[RFC PATCH v3 00/19] tracing: skc: Boot-time tracing and Supplemental Kernel Cmdline

From: Masami Hiramatsu
Date: Sun Aug 25 2019 - 23:15:50 EST


Hello,

This is the 3rd version of RFC series for the boot-time tracing.

Previous thread is here.

https://lkml.kernel.org/r/156316746861.23477.5815110570539190650.stgit@devnote2

On that thread and offline talk with Frank Rowand at OSS Japan2019
last month, we agreed that the devicetree is only for hardware
description and should not expand it for software settings.

Thus, in this version, I introduced a new extended command line
feature called Supplemental Kernel Cmdline (SKC) instead of
devicetree, and rewrote the boot-time tracing part based on that.

Supplemental Kernel Cmdline
===========================

Supplemental kernel command line (SKC) allows admin to pass a
tree-structured supplemental kernel commandline file (SKC file)
when boot up kernel. This expands the kernel command line in
efficient way.

Each key is described as a dot-jointed-words. And user can write
the key-words in tree stlye.
For example,

feature.option.foo = 1;
feature.option.bar = 2;

can be also written in

feature.option {
foo = 1;
bar = 2;
}

(Note that in both style, the same words are merged automatically
and make a single tree)
All values are treated as a string, or array of strings, e.g.

feature.options = "foo", "bar";

User can see the loaded SKC key-value list via /proc/skc.
The size of SKC is limited upto 32KB and 512 key-words and values
in total.

SKC and Bootloader
==================

To play with SKC, you need to use patched qemu or patched grub.
Please checkout below for x86 support. (for PoC, I implemented it
only for x86, but it is not so hard to do same on other archs)

https://github.com/mhiramat/qemu.git skc

https://github.com/mhiramat/grub.git grub-x86-skc

User can pass an skc file when boot the qemu machine with "-skc PATH"
option.
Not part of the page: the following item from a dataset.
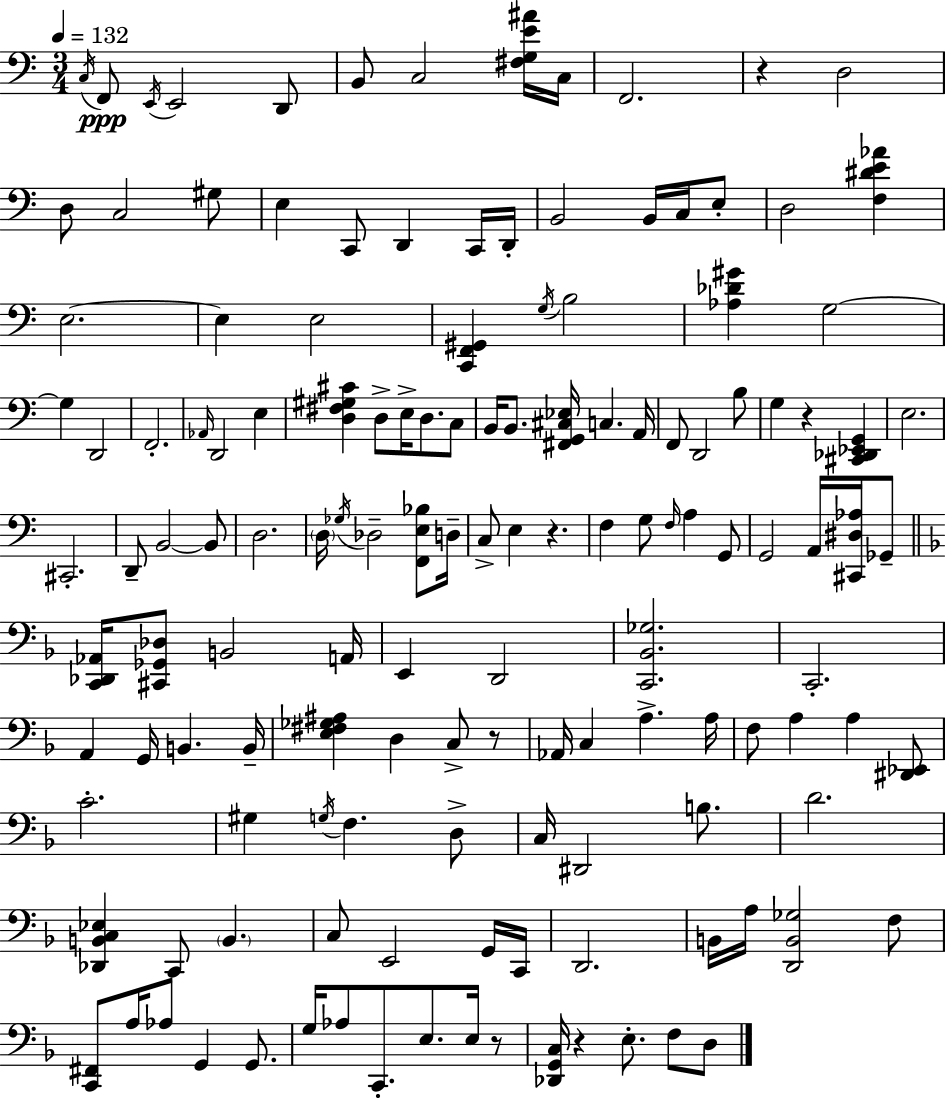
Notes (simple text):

C3/s F2/e E2/s E2/h D2/e B2/e C3/h [F#3,G3,E4,A#4]/s C3/s F2/h. R/q D3/h D3/e C3/h G#3/e E3/q C2/e D2/q C2/s D2/s B2/h B2/s C3/s E3/e D3/h [F3,D#4,E4,Ab4]/q E3/h. E3/q E3/h [C2,F2,G#2]/q G3/s B3/h [Ab3,Db4,G#4]/q G3/h G3/q D2/h F2/h. Ab2/s D2/h E3/q [D3,F#3,G#3,C#4]/q D3/e E3/s D3/e. C3/e B2/s B2/e. [F#2,G2,C#3,Eb3]/s C3/q. A2/s F2/e D2/h B3/e G3/q R/q [C#2,Db2,Eb2,G2]/q E3/h. C#2/h. D2/e B2/h B2/e D3/h. D3/s Gb3/s Db3/h [F2,E3,Bb3]/e D3/s C3/e E3/q R/q. F3/q G3/e F3/s A3/q G2/e G2/h A2/s [C#2,D#3,Ab3]/s Gb2/e [C2,Db2,Ab2]/s [C#2,Gb2,Db3]/e B2/h A2/s E2/q D2/h [C2,Bb2,Gb3]/h. C2/h. A2/q G2/s B2/q. B2/s [E3,F#3,Gb3,A#3]/q D3/q C3/e R/e Ab2/s C3/q A3/q. A3/s F3/e A3/q A3/q [D#2,Eb2]/e C4/h. G#3/q G3/s F3/q. D3/e C3/s D#2/h B3/e. D4/h. [Db2,B2,C3,Eb3]/q C2/e B2/q. C3/e E2/h G2/s C2/s D2/h. B2/s A3/s [D2,B2,Gb3]/h F3/e [C2,F#2]/e A3/s Ab3/e G2/q G2/e. G3/s Ab3/e C2/e. E3/e. E3/s R/e [Db2,G2,C3]/s R/q E3/e. F3/e D3/e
Or specify the skc file on grub console by "skc PATH".

Boot-time Tracing
=================

Boot-time tracing side has been updated for SKC, but the difference
is small, because SKC has similar tree-based interfaces to OF APIs.
Currently, it supports following SKC options. Please read
Documentation/trace/boottime-trace.rst for details.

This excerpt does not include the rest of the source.